Die Pforte zur Welt der Sterblichen befand sich in einer Lücke zwischen zwei Schränken, die schon seit hundert Jahren in diesem Haus standen und von den jetzigen Bewohnern übernommen worden waren. Sehr lange hatte das Haus leer gestanden, doch mittlerweile mussten auch schon Jahre vergangen sein, seit die jetzige Familie eingezogen war. Am Anfang lag der blonde Junge, dem dieses Zimmer jetzt gehörte, in einer Wiege und wurde von seinen Eltern und seiner größeren Schwester in den Arm genommen. Aber nun war er fast genauso groß wie seine Schwester, die immer wieder mal rüberkam. Dann tanzten beide manchmal um den Fußball herum oder sprangen immer wieder über ihn hinweg. Deshalb hatte Casper die beiden einmal Balltänzerin und Balltänzer genannt.

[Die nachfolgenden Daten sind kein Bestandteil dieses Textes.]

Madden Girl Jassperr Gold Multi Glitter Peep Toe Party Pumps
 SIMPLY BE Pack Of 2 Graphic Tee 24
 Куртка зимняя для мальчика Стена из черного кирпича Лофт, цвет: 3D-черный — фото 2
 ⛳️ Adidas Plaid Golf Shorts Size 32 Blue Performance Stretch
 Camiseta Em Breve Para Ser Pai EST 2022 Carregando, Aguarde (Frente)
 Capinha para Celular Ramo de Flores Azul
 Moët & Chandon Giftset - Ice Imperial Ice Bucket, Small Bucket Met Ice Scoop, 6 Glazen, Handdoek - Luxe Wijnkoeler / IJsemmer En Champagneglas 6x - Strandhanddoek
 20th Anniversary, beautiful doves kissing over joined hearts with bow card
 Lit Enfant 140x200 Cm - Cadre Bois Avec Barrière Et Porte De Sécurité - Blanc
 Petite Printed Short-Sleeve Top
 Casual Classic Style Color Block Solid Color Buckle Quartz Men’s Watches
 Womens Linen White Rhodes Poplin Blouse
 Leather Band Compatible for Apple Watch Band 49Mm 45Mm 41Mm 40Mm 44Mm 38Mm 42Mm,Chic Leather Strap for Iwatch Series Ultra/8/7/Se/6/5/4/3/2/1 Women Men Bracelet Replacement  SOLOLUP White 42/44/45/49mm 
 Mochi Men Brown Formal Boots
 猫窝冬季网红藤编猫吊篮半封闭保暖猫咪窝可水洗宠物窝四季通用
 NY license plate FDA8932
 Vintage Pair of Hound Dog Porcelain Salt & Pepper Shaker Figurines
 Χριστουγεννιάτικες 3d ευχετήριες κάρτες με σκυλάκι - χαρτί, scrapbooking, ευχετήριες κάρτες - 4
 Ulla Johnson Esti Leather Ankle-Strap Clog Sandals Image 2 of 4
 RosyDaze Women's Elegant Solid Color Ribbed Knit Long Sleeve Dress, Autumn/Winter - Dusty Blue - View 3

An diesem Tag jedoch besuchte ein Junge mit schwarzen Haaren den Balltänzer, war fast genauso groß wie dieser. Casper konnte immer sehr gut hören, was die Menschen sprachen – umgekehrt freilich nicht. So hörte er den fremden Jungen jetzt sagen:
„Gibt es eigentlich noch einen Raum neben deinem Zimmer?“
„Nur das Zimmer meiner Schwester!“, antwortete der Balltänzer, aber der fremde Junge fragte weiter:
„Ich meinte auf der anderen Seite, wo die zwei großen Schränke stehen! Euer Korridor reicht ja noch weiter, da wäre noch Platz für einen weiteren Raum!“
„Nein, wirklich nicht!“
Doch jetzt streckte der fremde Junge seine linke Hand in die Lücke zwischen den Schränken, klopfte gegen die Wand und hielt gleichzeitig sein linkes Ohr in die Lücke, so weit er konnte. Ehe Casper sich verziehen konnte, hatte er schon dieses Ohr berührt. Zwar spürte der Junge dies nicht, aber als er sich wieder zu seinem Freund drehte, sah dieser ihn seltsam an. Ohne sich etwas zu denken, sagte er:
„Es hört sich irgendwie hohl hinter der Wand an! Aber was starrst du mich denn so an?“
„Dein linkes Ohr, Michi – es ist ganz weiß geworden!“
Michi sah in einen Spiegel, der an einer anderen Wand hing. Aber darin konnte er sein linkes Ohr gar nicht mehr erkennen! Er fasste mit der Hand danach, und jetzt erschien dieses Ohr doch noch in dem Spiegel, war aber in der Tat ganz weiß geworden! Sobald er es losließ, war es auch schon wieder unsichtbar im Spiegel.
Caspar probierte einfach etwas aus und sagte:
„Willkommen in der Geisterwelt!“
Michi sah den Balltänzer an und fragte ihn:
„Hast du das auch gehört: Willkommen in der Geisterwelt?“
„Ach, du spinnst ja!“, erwiderte der Balltänzer und fügte noch hinzu:
„Wenn du noch mehr hörst, was ich nicht höre, nenne ich dich ab jetzt Milchohr!“
Auch Casper rief jetzt aus: „Milchohr!“
Aber der Angesprochene tat so, als hätte er nichts gehört. Mit der Zeit jedoch könnte er seine neue Gabe nutzen, da wusste Casper so einige Möglichkeiten. Schließlich gab es anderswo auch Geister, die untereinander Streiche mit den Menschen verabredeten!
Für heute hatte Casper erst einmal genug, und er zog sich in seinen türlosen Raum auf der anderen Seite der Wand zurück.